# My Nissan's Rollin!



## ready2hunt (Aug 28, 2013)

Hi all! So in the past 3 months, I have devoted every free hour to my 1986 Nissan 720 4x4. I haven't posted much here, but have learned tons from trolling and reading. For the most part, I have done the following, 3" body lift, 3" suspension lift, new shocks, new timing chain, cam sprocket, crank sprocket, tensioner, guides, weber carb, plugs, wires, exhaust, steering column, battery, seats, door panels, counsel, carpet, clutch, slave cylinder, throw out bearings, roll pan, tires and wheels, tons of miscellaneous parts. 

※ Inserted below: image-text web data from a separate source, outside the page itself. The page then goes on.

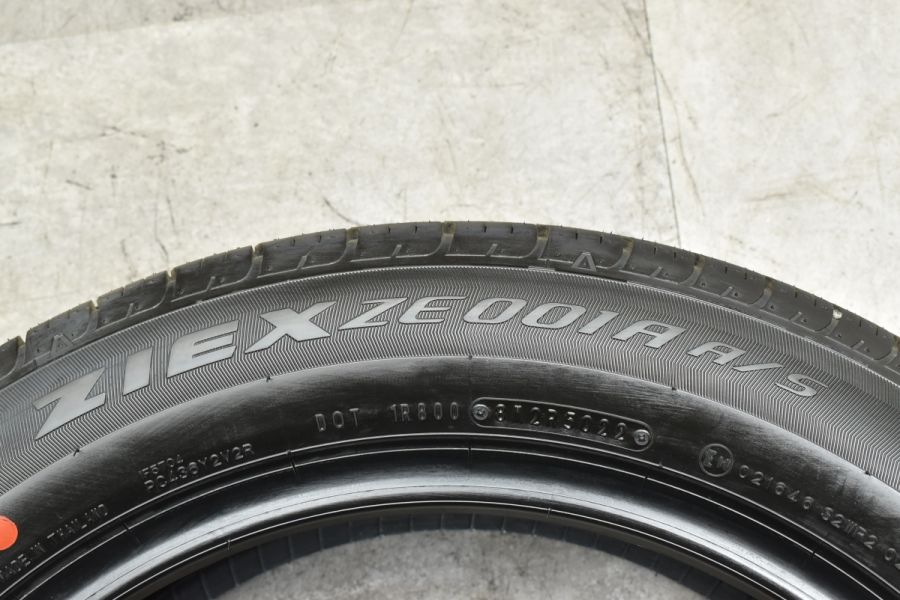 新車外し品 2022年製】ファルケン ZIEX ZE001A A/S 225/55R18 4本セット エクストレイル クロストレック XV フォレスター  デリカD:5 中古 タイヤのみ | パーツ販売ナンバーワン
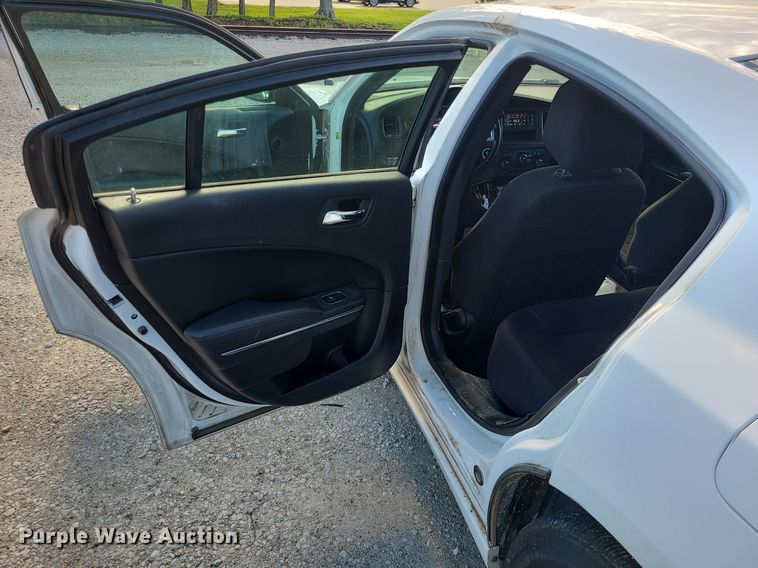 image for item MG9718 2014 Dodge Charger Police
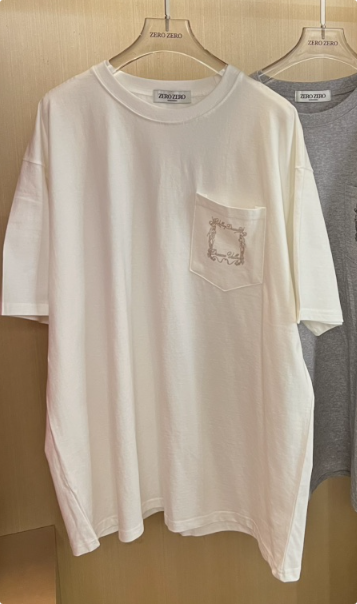 ZEROZERO東大門直郵㊣女裝新品人氣職業26春夏真品時尚熱賣T恤ZEROZEROT恤圖色3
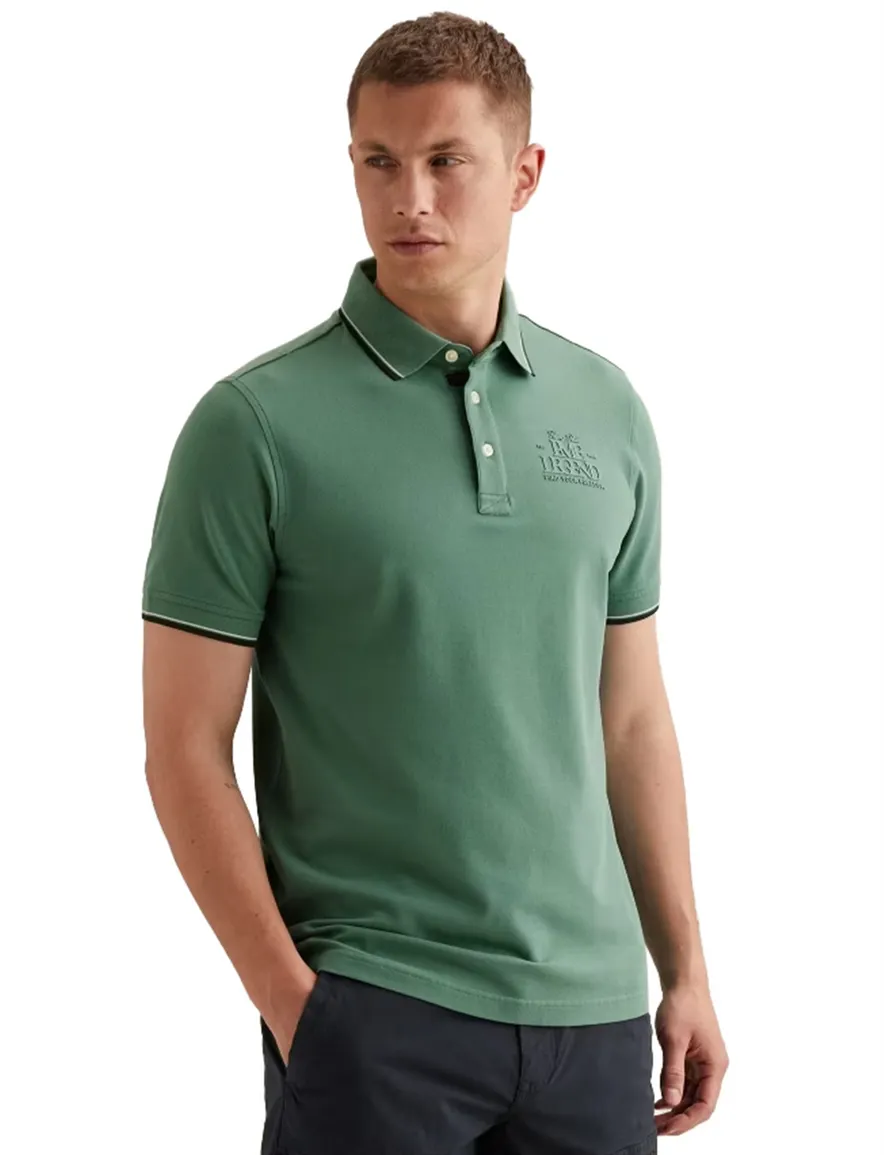 Poloshirt PME Legend groen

I have attached a before and after photo, for anyone that cares.

Before









After









I do have a question, and hopefully someone will chime in. It does have some valve noise, at all time, no biggie. Maybe an adjustment will cure that, but I'm not really worried, sounds like a 22R. BUT, when I get it at a high rpm, or if I'm at a higher rmp in 3rd gear and feather the throttle, I get a different type of clatter. I do believe it's valve clatter, but not sure. It sounds KIND OF like rods, but it's in the top end, and usually at high rpm. Will adjusting the valve lash help that, or is it something more? It has 202k on it, and other than that, it runs great. I do have another truck, bad bottom end, with only 174k on it, and am possibly think about just doing a head swap.....

What do you guys think about the high rmp clatter?


----------



## smj999smj (Jan 1, 2006)

it's hard to say without being able to hear the noise for oneself. Adjusting the valves is pretty easy on that engine (easier before you lifted it!), so I would suggest starting there and see if the noise goes away.


----------